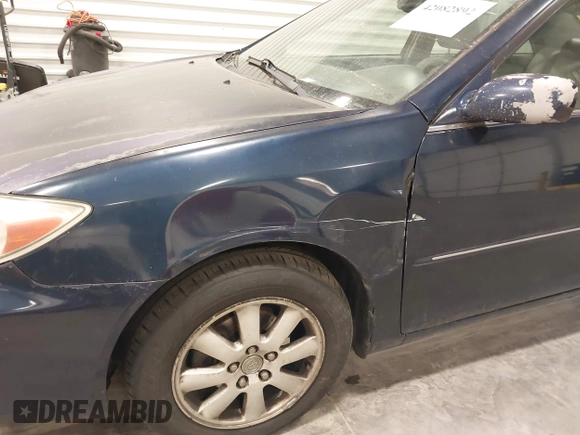 2003 Toyota Camry LE with VIN 4T1BE30K03U152348, listed as a IAAI auction lot 42082892 with 224,721 mi miles and . Bid and sale history available at DreamBid. Image 6.
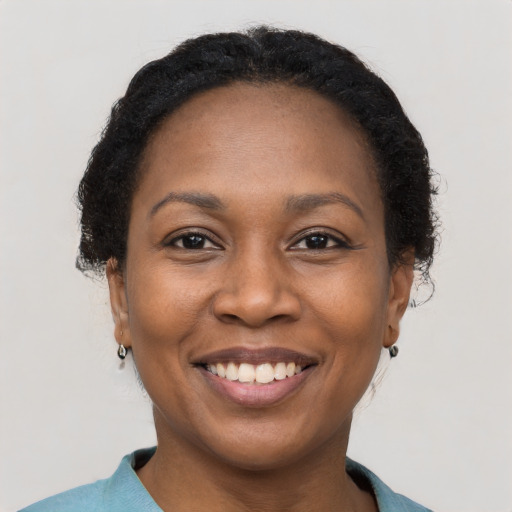 Joyful black adult female with short  brown hair and brown eyes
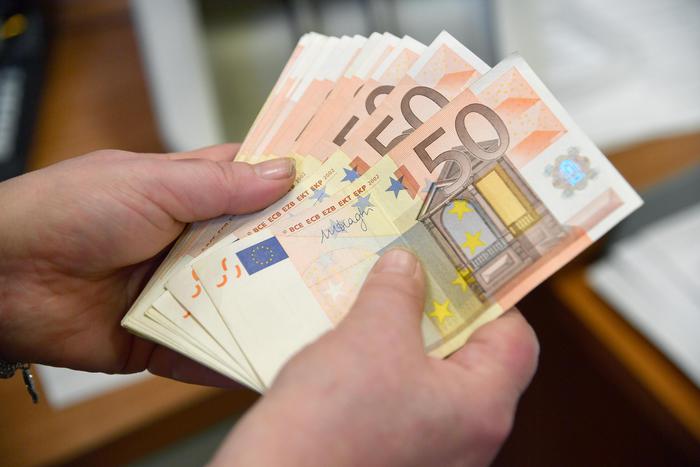 Alcune banconote da 50  Euro in mano a un cassiere di una banca. 16 aprile 2018 a Genova ANSA/LUCA ZENNARO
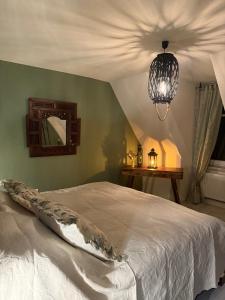 a bedroom with a white bed and a chandelier at Haus der Geschichten in Marienberg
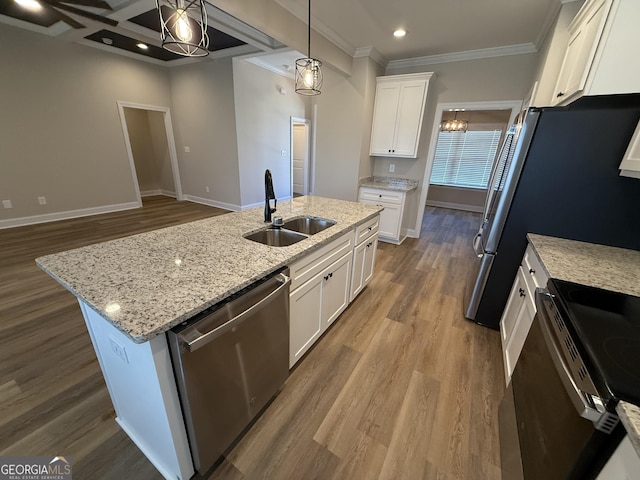 kitchen featuring a sink, white cabinets, hanging light fixtures, dishwasher, and a center island with sink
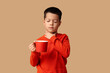 © Pixel-Shot - Ill little Asian boy with sore throat and cup of tea on beige background
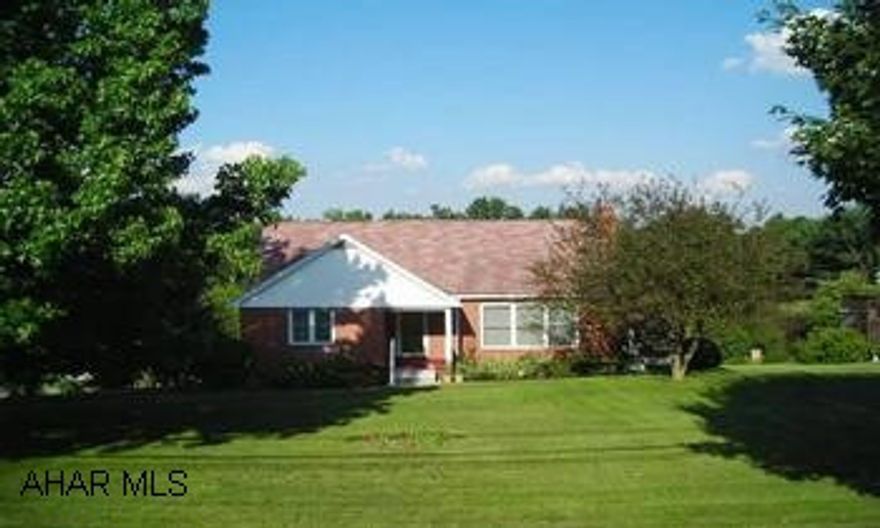 Priced below appraised value!  This solidly built brick 1.5 story home offers 4 bedrooms, 2.5 baths on almost 2 acres!!  Two bedrooms on 1st floor, two bedrooms up!  Fireplace in livingroom, walkout basement with half bath, fruit trees and perennials, and a comfortable covered porch PLUS move in condition add to the appeal!  All appliances stay!  Call Tina today at 814.242.2047  Previous home inspection on file with listing agent.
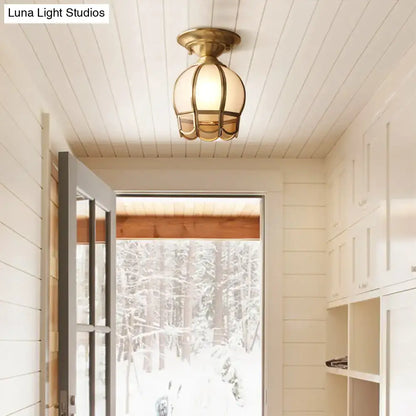 Decorbites minimalist brass flush mount ceiling light with frosted glass globe and scalloped metal single bulb flush design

• _EXERCISE AIM_
With pictures omitted, repeat the entries above word for word from the line holding "Alcune banconote da" down to the line holding "on beige background", keeping both of those lines.

• _WRITTEN ANSWER_
 Alcune banconote da 50  Euro in mano a un cassiere di una banca. 16 aprile 2018 a Genova ANSA/LUCA ZENNARO
 a bedroom with a white bed and a chandelier at Haus der Geschichten in Marienberg
 kitchen featuring a sink, white cabinets, hanging light fixtures, dishwasher, and a center island with sink
 © Pixel-Shot - Ill little Asian boy with sore throat and cup of tea on beige background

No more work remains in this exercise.